I'm calling out this nonsense; "larger teams" of Common Lisp programmers are a myth. If such a thing happens, they will make it a priority to get along so that their good luck persists as long as possible. :) :)
> there's one established way to lay out your Go code and that's to use gofmt.
There is basically one established way to lay out Lisp, and even Vim's Lisp mode gets it about 95% right. (The main issue is not quite having the correct vocabulary, out of the box, of what symbols denote forms that have a body requiring sub-form indentation rather than list element alignment.)
(operator (with maybe some args)
(and a)
;; here is a header comment
(body of forms) ; margin comment
(indented by one level such as two spaces))

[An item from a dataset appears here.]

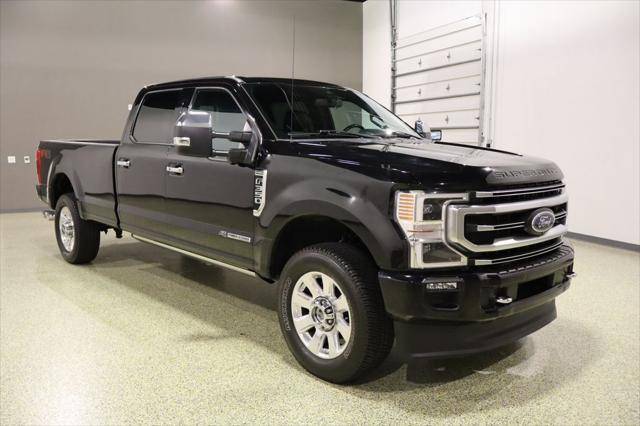 2021 Ford Super Duty F-350 Platinum — Pickup Truck — 37,085 mi — Tomball, TX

(function call with many arguments
split across several
lines lined up with the first argument)
'(quoted list
split across lines
lining up with first element
(oh here comes a nested
list))
;;;
;;; three semi's for block comment
;;;
#(vector literal
follows quoted list)
The above represents the majority of what you need for writing nice looking Lisp.
You've missed my point. I used gofmt as an example of a tool that exists because programmers like to do things multiple ways, even when it can be beneficial to do things in a standardised way.
The formatting of Lisp is not what I was referring to, it was the flexibility of the language. Lisp encourages writing DSLs. DSLs by their nature are opinionated. The only way to stop the language going in lots of directions at once is to have a canonical implementation of supporting features to work against. My point was that without a package manager, this focus was not as strong as it should be, but there's a hope that with standardisation on packages the language would grow with a sense of direction.
To use another example, look at how many implementations of CL and Scheme there are, why does all this fragmentation exist? What barriers are in place for coders working on extending a smaller subset of implementations?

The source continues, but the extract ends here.